§ **Work required**
Could you give the records below again exactly, without the pictures?

§ **Information**

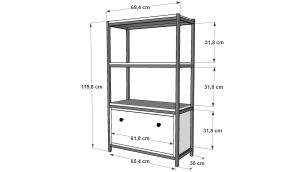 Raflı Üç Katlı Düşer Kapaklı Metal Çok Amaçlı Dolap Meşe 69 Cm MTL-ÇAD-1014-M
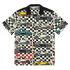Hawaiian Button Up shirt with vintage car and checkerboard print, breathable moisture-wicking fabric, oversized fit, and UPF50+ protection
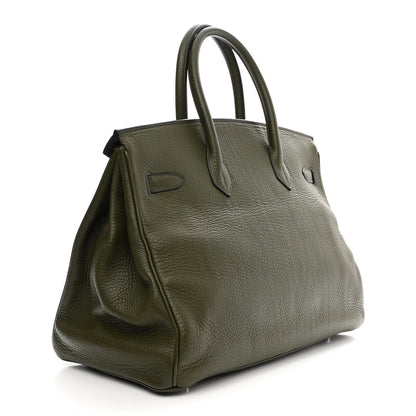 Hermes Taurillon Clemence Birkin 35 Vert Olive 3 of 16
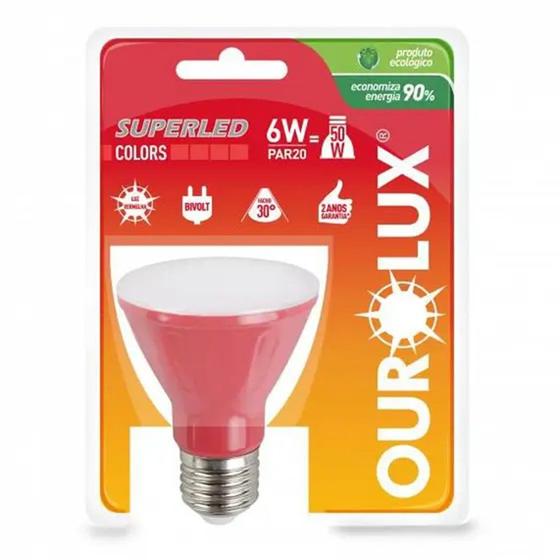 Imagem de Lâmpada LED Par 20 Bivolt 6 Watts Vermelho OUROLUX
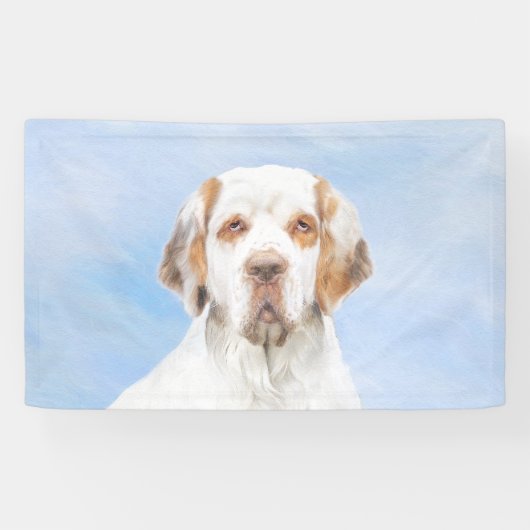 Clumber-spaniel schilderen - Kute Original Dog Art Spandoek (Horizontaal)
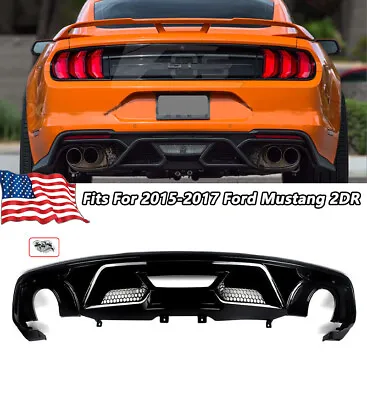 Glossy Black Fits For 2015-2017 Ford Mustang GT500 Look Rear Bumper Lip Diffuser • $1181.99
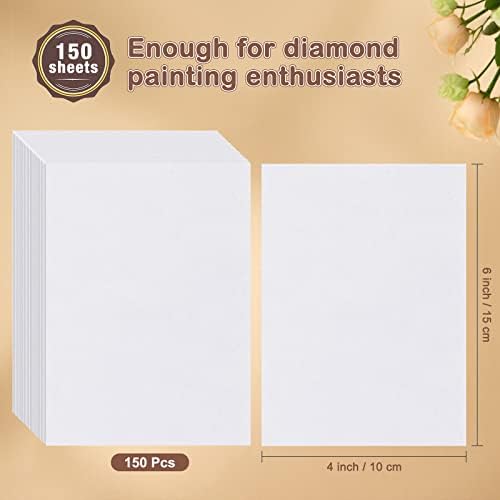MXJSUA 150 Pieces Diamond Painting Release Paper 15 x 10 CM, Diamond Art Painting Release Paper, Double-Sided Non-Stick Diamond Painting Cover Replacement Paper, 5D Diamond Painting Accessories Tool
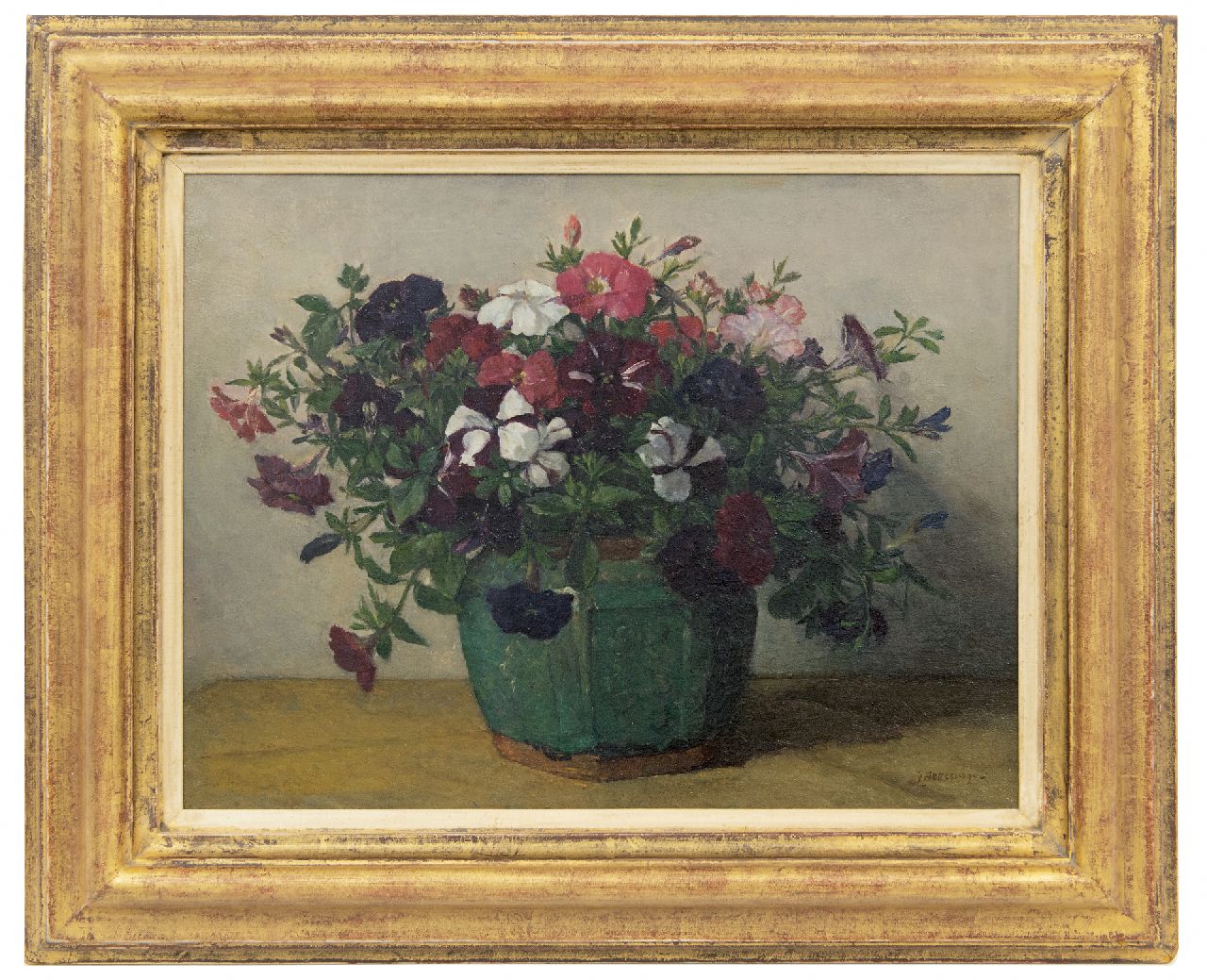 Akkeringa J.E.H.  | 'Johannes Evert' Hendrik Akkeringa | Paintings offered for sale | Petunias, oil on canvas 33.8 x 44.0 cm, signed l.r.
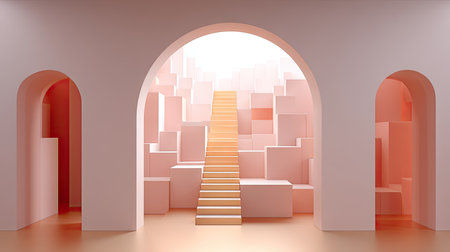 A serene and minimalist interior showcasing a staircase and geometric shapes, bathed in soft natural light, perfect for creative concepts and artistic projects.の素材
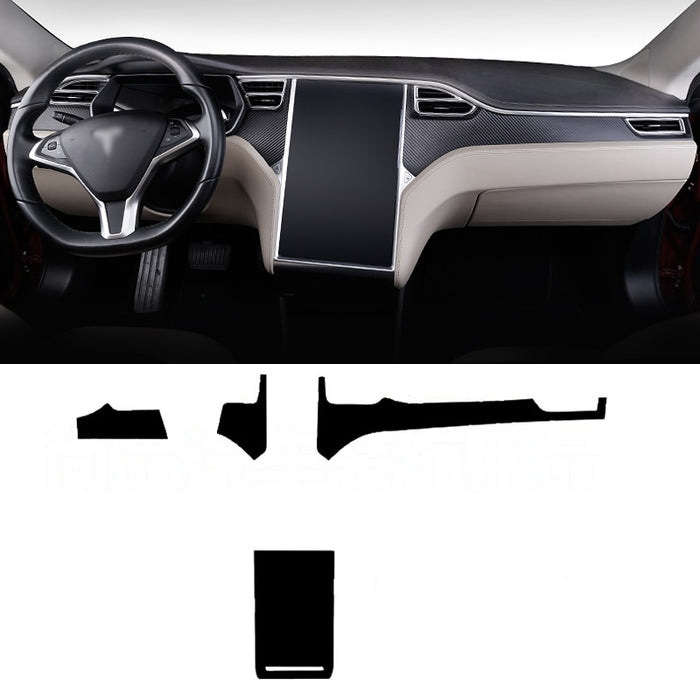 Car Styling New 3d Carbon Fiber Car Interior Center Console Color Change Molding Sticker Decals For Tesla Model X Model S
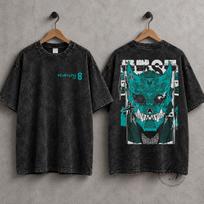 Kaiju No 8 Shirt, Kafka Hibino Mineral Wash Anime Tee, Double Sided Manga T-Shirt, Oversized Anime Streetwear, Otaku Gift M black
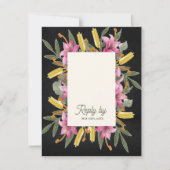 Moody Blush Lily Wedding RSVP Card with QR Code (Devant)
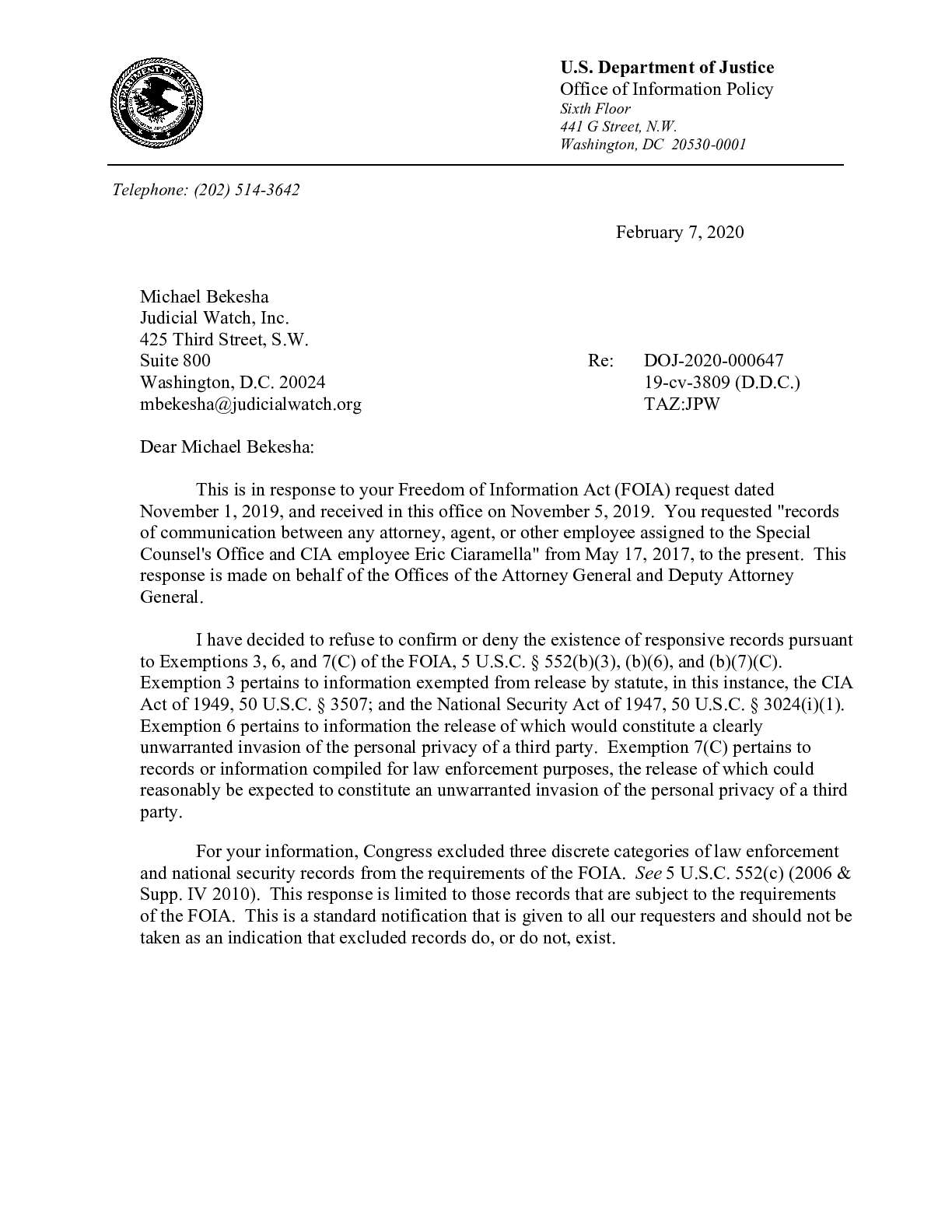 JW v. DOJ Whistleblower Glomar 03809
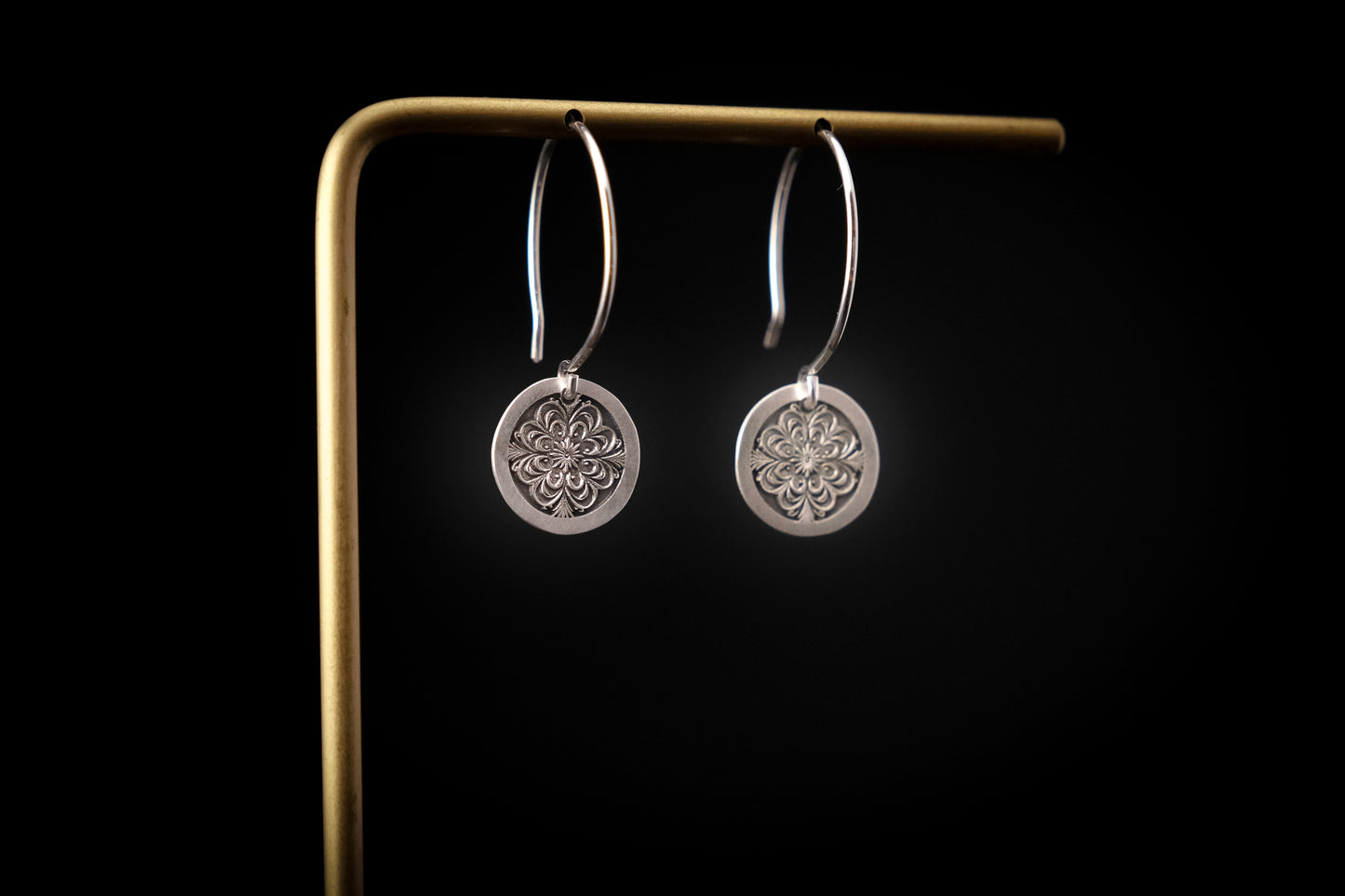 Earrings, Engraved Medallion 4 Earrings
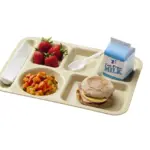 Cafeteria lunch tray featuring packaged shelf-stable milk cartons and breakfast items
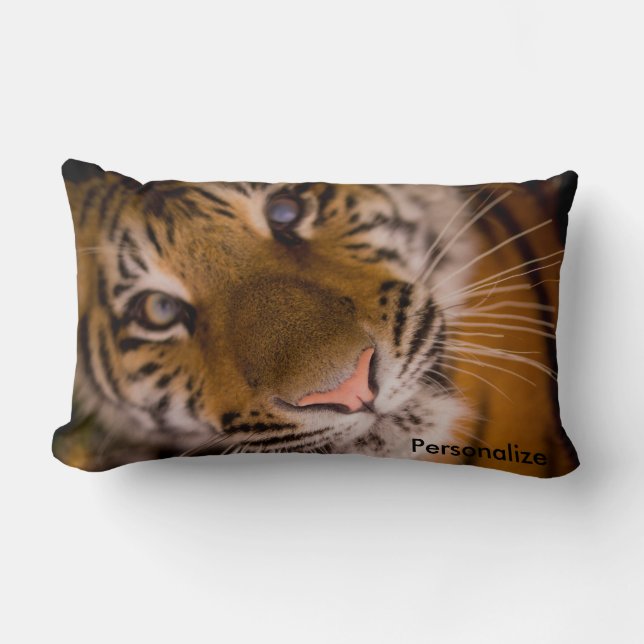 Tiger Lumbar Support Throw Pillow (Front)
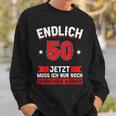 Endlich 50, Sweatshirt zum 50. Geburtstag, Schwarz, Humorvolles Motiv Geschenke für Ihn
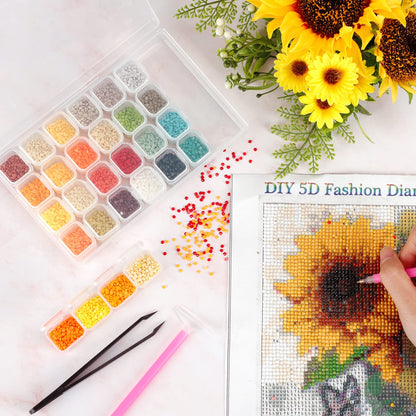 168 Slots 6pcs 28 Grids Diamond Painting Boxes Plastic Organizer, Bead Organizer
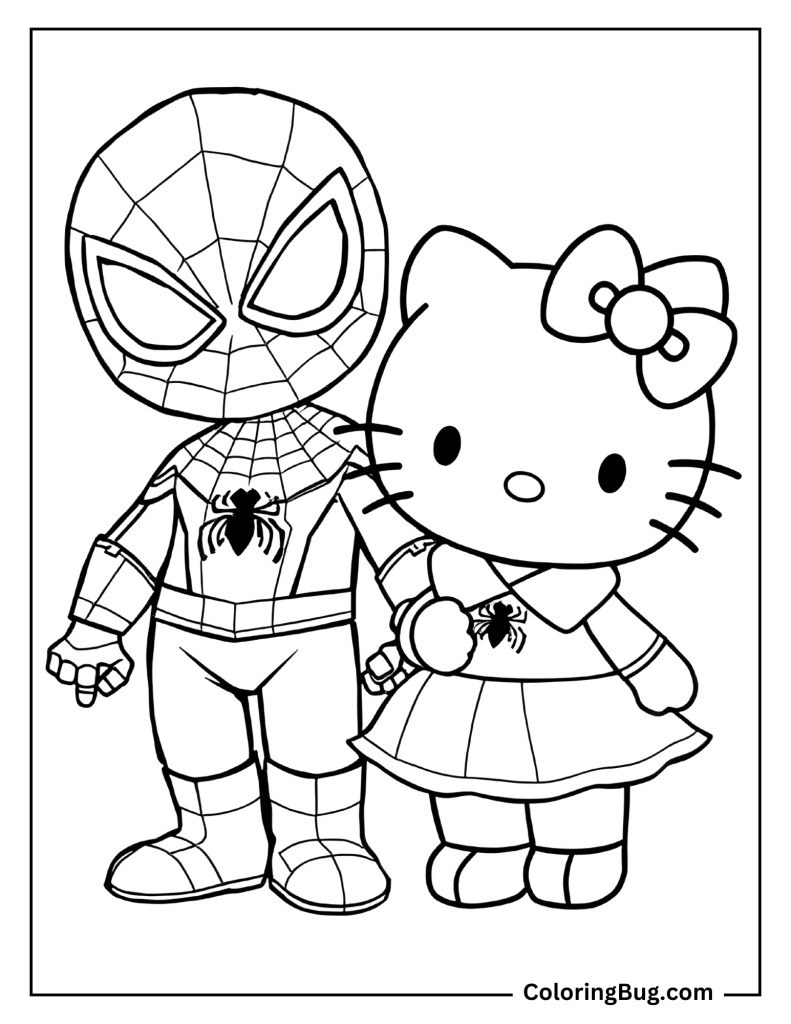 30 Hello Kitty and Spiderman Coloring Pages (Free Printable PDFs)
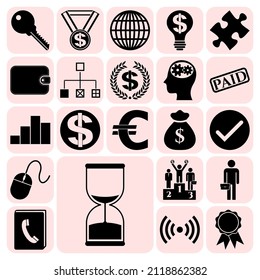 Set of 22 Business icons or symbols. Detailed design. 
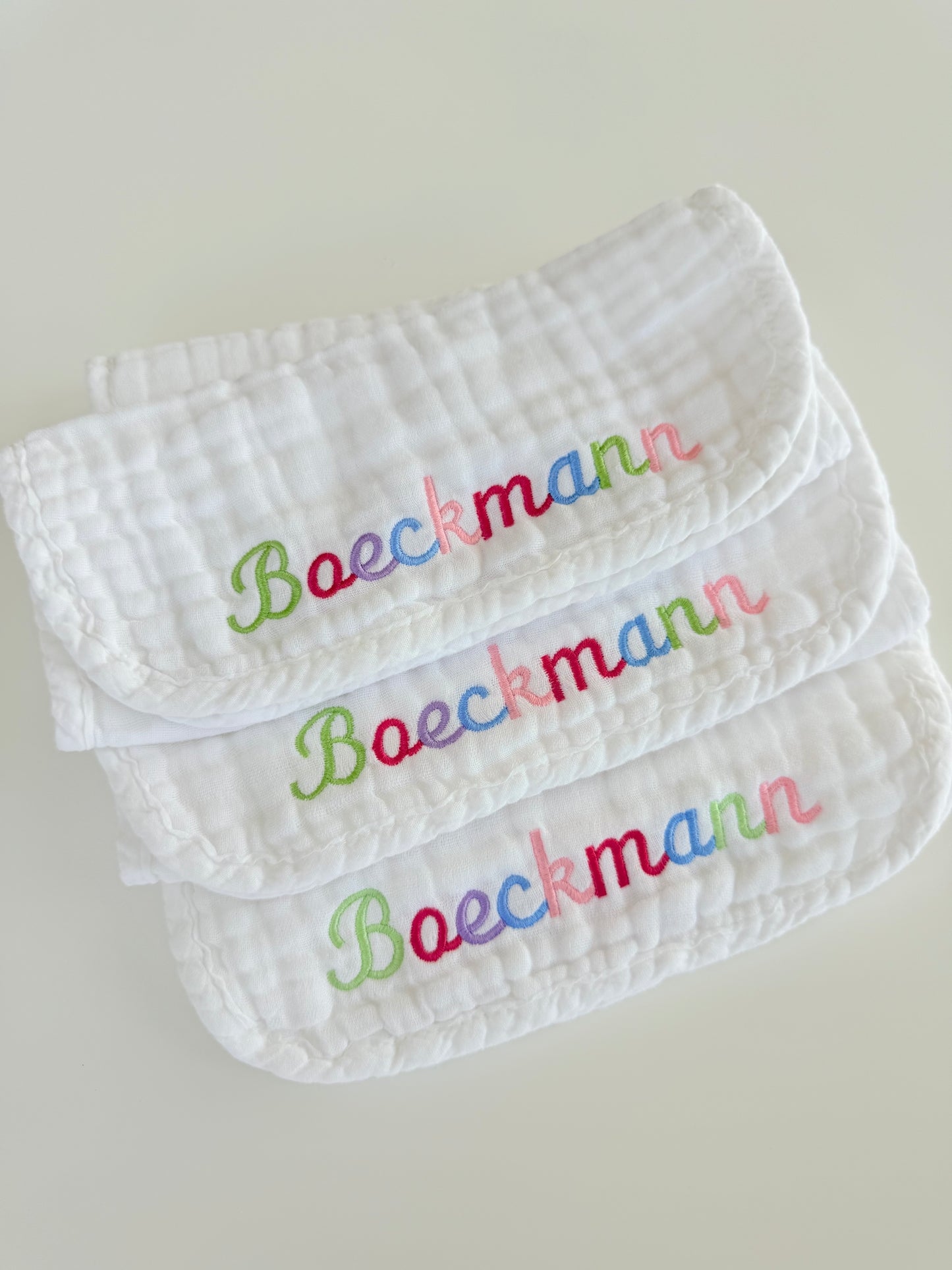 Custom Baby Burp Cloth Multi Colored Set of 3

§ **Result below**
 Raflı Üç Katlı Düşer Kapaklı Metal Çok Amaçlı Dolap Meşe 69 Cm MTL-ÇAD-1014-M
Hawaiian Button Up shirt with vintage car and checkerboard print, breathable moisture-wicking fabric, oversized fit, and UPF50+ protection
 Hermes Taurillon Clemence Birkin 35 Vert Olive 3 of 16
 Imagem de Lâmpada LED Par 20 Bivolt 6 Watts Vermelho OUROLUX
 Clumber-spaniel schilderen - Kute Original Dog Art Spandoek (Horizontaal)
 Glossy Black Fits For 2015-2017 Ford Mustang GT500 Look Rear Bumper Lip Diffuser • $1181.99
MXJSUA 150 Pieces Diamond Painting Release Paper 15 x 10 CM, Diamond Art Painting Release Paper, Double-Sided Non-Stick Diamond Painting Cover Replacement Paper, 5D Diamond Painting Accessories Tool
 Akkeringa J.E.H.  | 'Johannes Evert' Hendrik Akkeringa | Paintings offered for sale | Petunias, oil on canvas 33.8 x 44.0 cm, signed l.r.
 A serene and minimalist interior showcasing a staircase and geometric shapes, bathed in soft natural light, perfect for creative concepts and artistic projects.の素材
 Car Styling New 3d Carbon Fiber Car Interior Center Console Color Change Molding Sticker Decals For Tesla Model X Model S
 Kaiju No 8 Shirt, Kafka Hibino Mineral Wash Anime Tee, Double Sided Manga T-Shirt, Oversized Anime Streetwear, Otaku Gift M black
 Moody Blush Lily Wedding RSVP Card with QR Code (Devant)
 JW v. DOJ Whistleblower Glomar 03809
 Earrings, Engraved Medallion 4 Earrings
 Cafeteria lunch tray featuring packaged shelf-stable milk cartons and breakfast items
 Tiger Lumbar Support Throw Pillow (Front)
 Endlich 50, Sweatshirt zum 50. Geburtstag, Schwarz, Humorvolles Motiv Geschenke für Ihn
 168 Slots 6pcs 28 Grids Diamond Painting Boxes Plastic Organizer, Bead Organizer
 30 Hello Kitty and Spiderman Coloring Pages (Free Printable PDFs)
 Set of 22 Business icons or symbols. Detailed design. 
 Custom Baby Burp Cloth Multi Colored Set of 3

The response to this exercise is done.